[SOURCE MATERIAL]:

--- --- ---

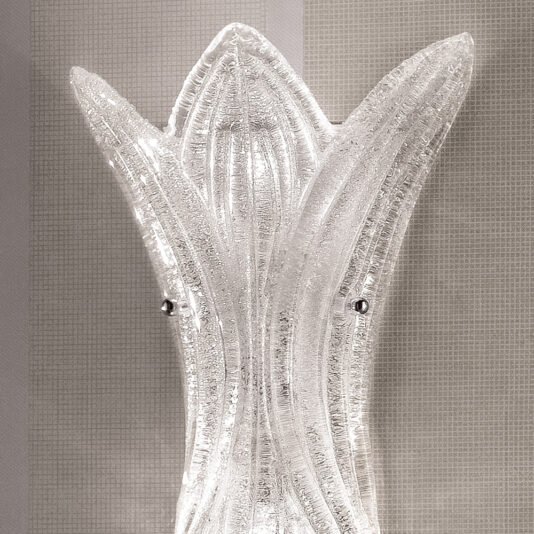 A close-up shot of the Glass Leaf Wall Light, showcasing its elaborate design with three curved, textured glass panels that converge at the top, resembling abstract flower petals or leaves. The background features a light gray textured wall.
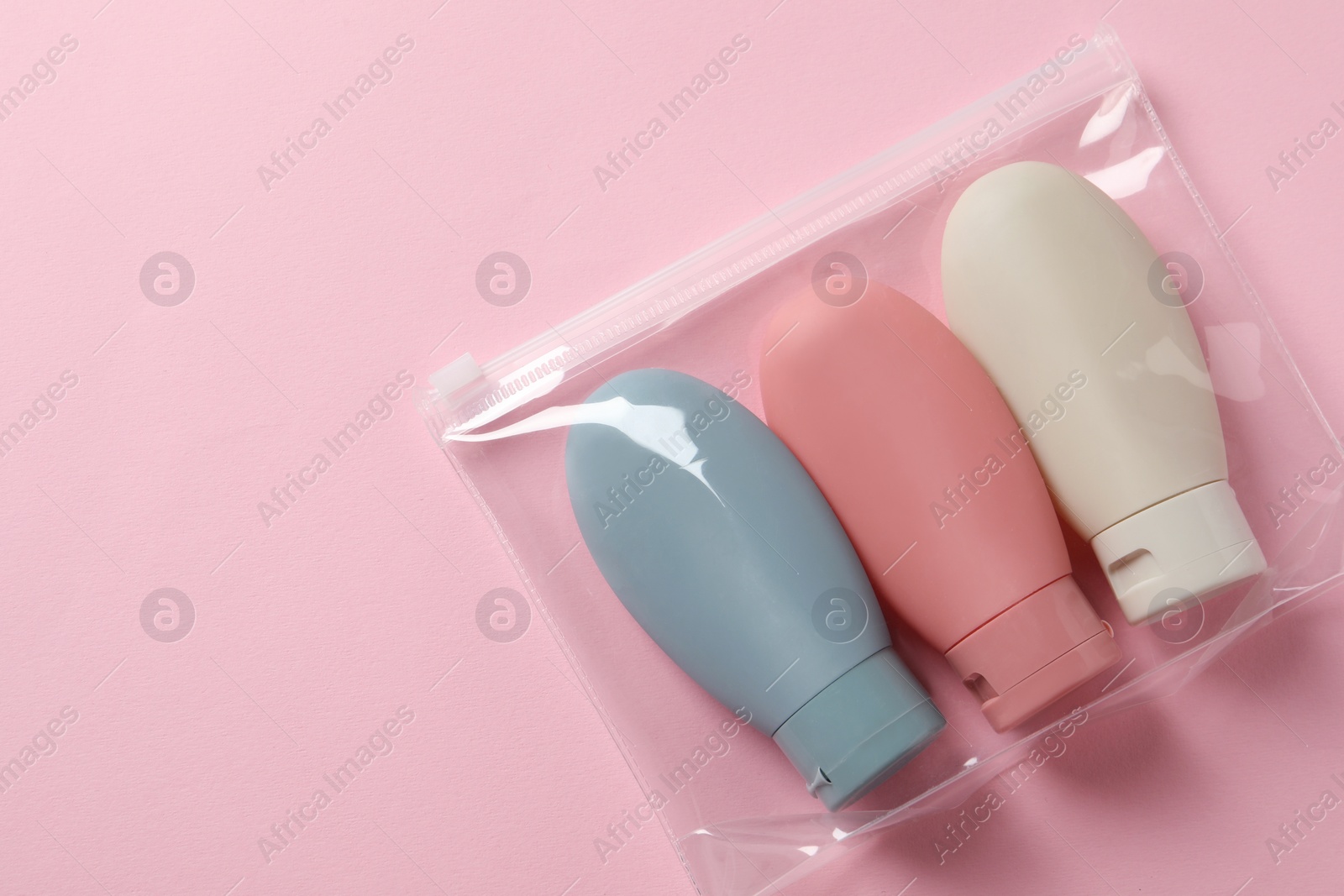 Photo of Cosmetic travel kit in plastic bag on pink background, top view. Space for text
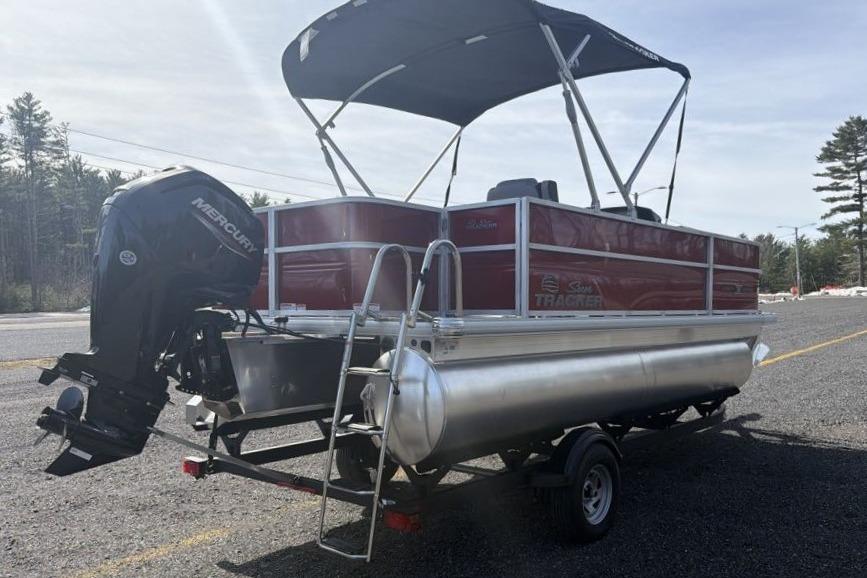2026 Sun Tracker Party Barge 18 DLX pontoon boat with Mercury outboard motor.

--- --- ---

[WHAT IS BEING ASKED]:
Write each line exactly as it appears, from the line that holds "Photo of Cosmetic" through the closing line of the data above, and leave every picture out.

[TASK ANSWER]:
 Photo of Cosmetic travel kit in plastic bag on pink background, top view. Space for text
2026 Sun Tracker Party Barge 18 DLX pontoon boat with Mercury outboard motor.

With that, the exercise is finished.